A ideia da memória a arder, do irremediável, dos séculos de vidas e de história em cinzas - em risco de ser cinza.
A ideia de que um monumento que tinha sobrevivido a tanto - a revolução francesa, duas guerras mundiais, a ocupação nazi - e acumulado tantas camadas, num palimpsesto arquitectónico, podia arder assim, por acidente, uma estultícia qualquer, um acaso. A ideia da fragilidade essencial de tudo.
Mas havia mais nessa dor que a mim como a tantos surpreendeu na intensidade. Havia uma noção de simbolismo. Bernard-Henri Lévy falou de "um tesouro da civilização", da Europa "atingida no coração"; a comunidade judaica da "alma de França". E de "estarmos todos em choque, crentes e não crentes."
Crentes e não crentes, precisamente: não é decerto preciso crer numa divindade, professar qualquer culto para amar templos - os templos são do humano, da arte, da beleza, da vontade de transcendência, da deliberação de tocar o céu, das perguntas sem resposta. São uma narrativa que nos fala, que fala por nós. Não pertencem a nenhuma religião, a nenhuma seita, são de toda a gente. Como eram de todos os budas que os talibãs explodiram no Afeganistão, ou Palmyra, na Síria, que o Daesh quis destruir. É isso que património da humanidade quer dizer: de todos. Por isso sagrado.

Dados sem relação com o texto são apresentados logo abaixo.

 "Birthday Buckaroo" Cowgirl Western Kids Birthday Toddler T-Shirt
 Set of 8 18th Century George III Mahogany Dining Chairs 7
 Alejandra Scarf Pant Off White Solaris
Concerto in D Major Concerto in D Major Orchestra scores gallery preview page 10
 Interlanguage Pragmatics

É sobre esse sagrado que a poeta Matilde Campilho fala no mais belo texto que até agora li sobre o fogo de Notre-Dame: "Fagulhas de mil anos sobrevoaram Paris e a Europa, e a esta hora vão a caminho de África e da América. (...) É claro que nos acerta no peito o desfazer de catedrais, venham elas em forma gótica ou contemporânea. (...) Nada é definitivo, tudo é permanente." E cita Walter Benjamin: "Não passa por nós um sopro daquele ar que envolveu os que vieram antes de nós?"
Não sei se foi essa noção que nos comoveu tanto, a tantos. Ou a espécie de osmose global de emoção que hoje, graças aos media e às redes sociais, tantas vezes nos domina numa dramatização postiça, sem alma. Notre-Drame, dizia ontem a magnífica capa do Libération.

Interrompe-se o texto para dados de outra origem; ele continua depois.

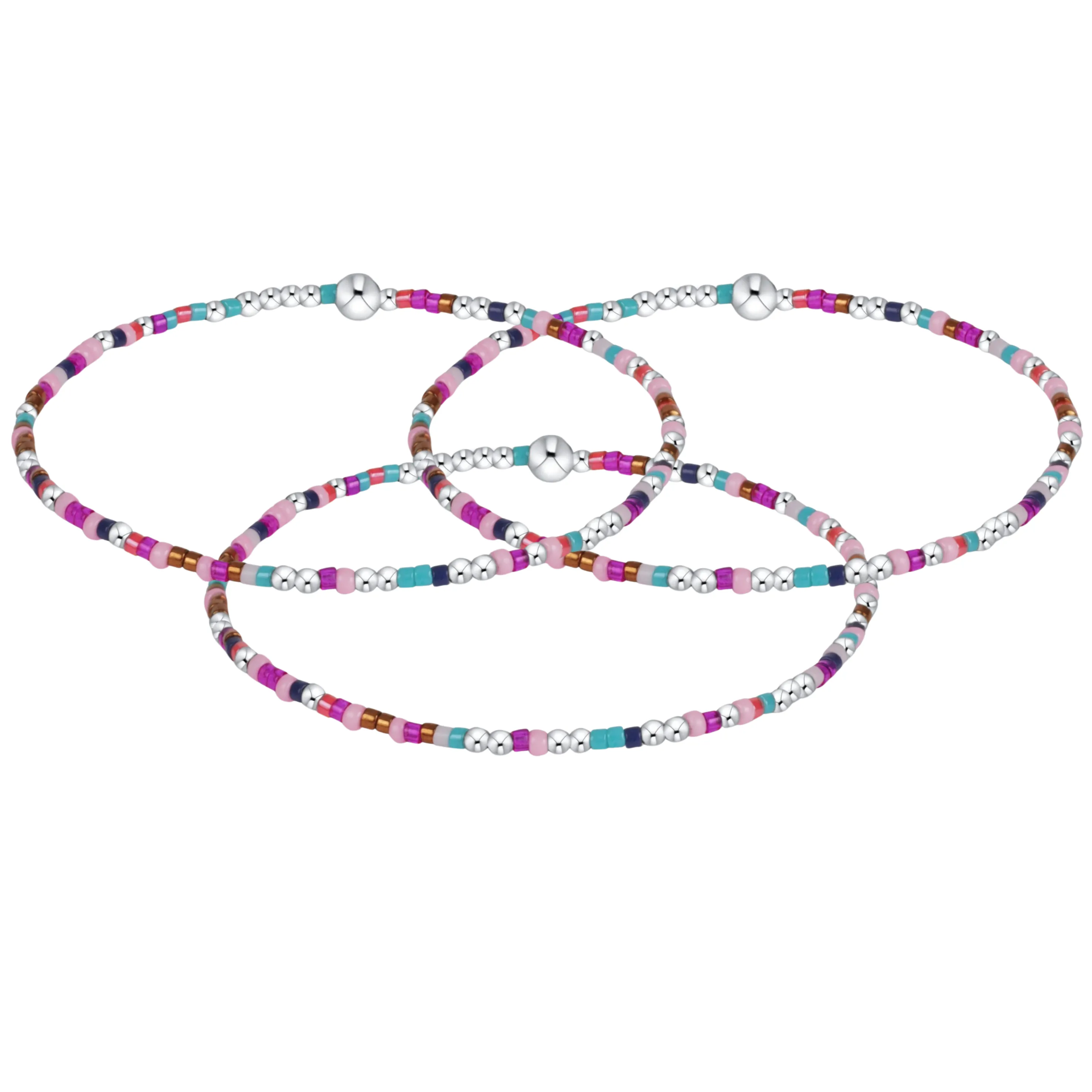 hope unwritten sterling bracelet - life of the party (set of 3) sold by enewton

Talvez, sem ironia, ou por ironia - porque tanto há, dos moçambicanos nas cheias aos refugiados cujos bebés afogados já não fazem primeiras páginas - precisemos, de vez em quando, de chorar por coisas maiores que nós, de sentir coisas muito maiores que nós.

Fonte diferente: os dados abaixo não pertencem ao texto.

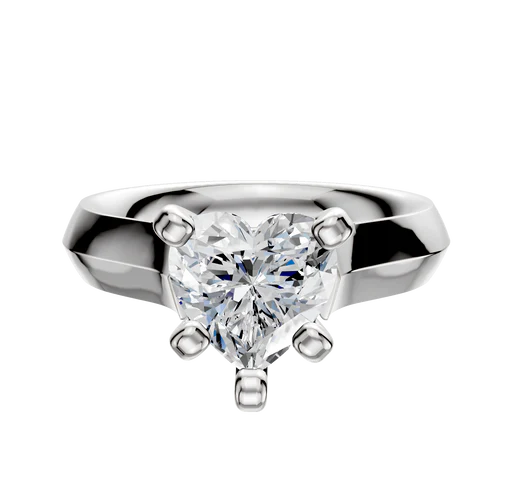 Platinum 4 Prong Cathedral Knife Edge 4.0mm Engagement Ring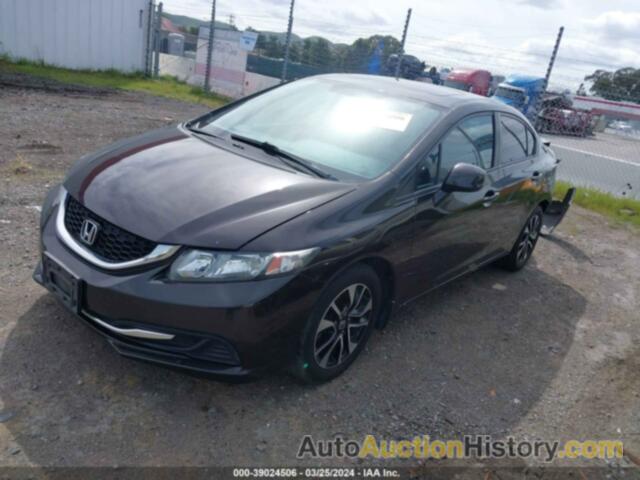 HONDA CIVIC EX, 2HGFB2F8XDH580471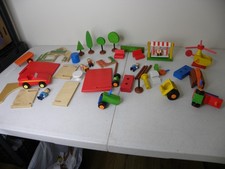 Plan Toys / Brio / Thomas Wood Toy Accessories People Swing Trees Helicopter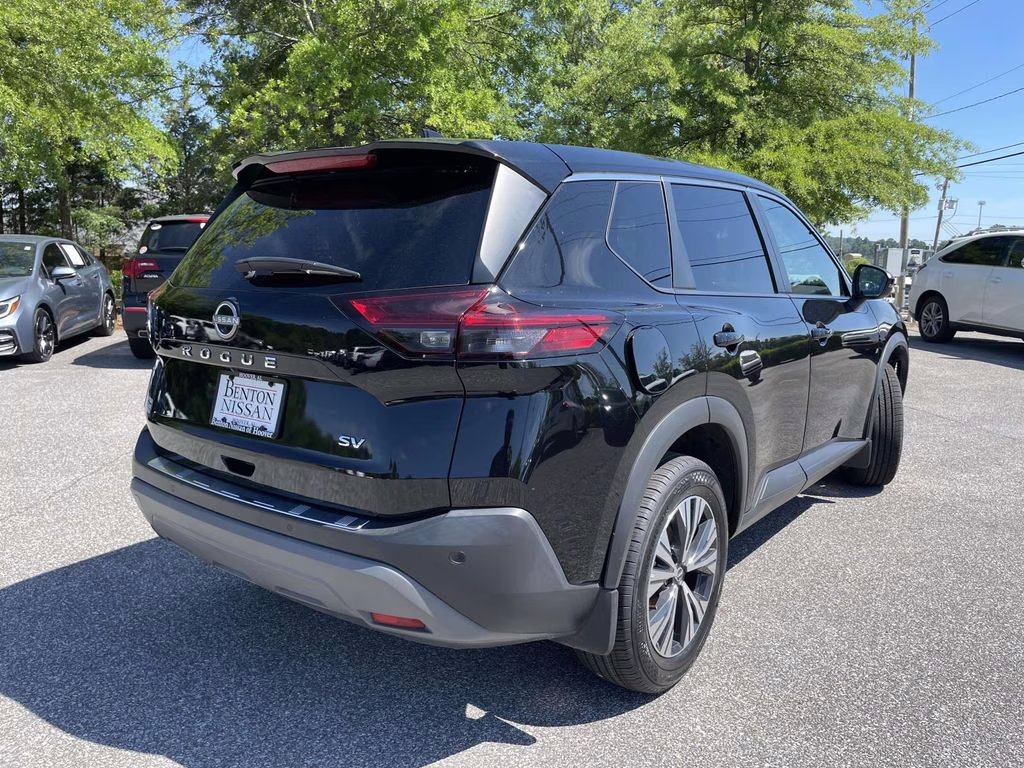 2022 Super Black Nissan Rogue SV FWD SUV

Ou talvez neste tempo em que os melhores valores europeus estão sob cerco, em que os velhos demónios do racismo, do fascismo, do nacionalismo e do ódio avançam e nos ameaçam a ponto de já não sabermos bem o que resta da Europa e das suas luzes, a queda daquela torre em chamas, o fogo naquele lugar sagrado simbolizem o nosso desalento, o nosso horror. Sei que foi isso que senti: um sinal, um presságio. E um apelo: não deixemos arder.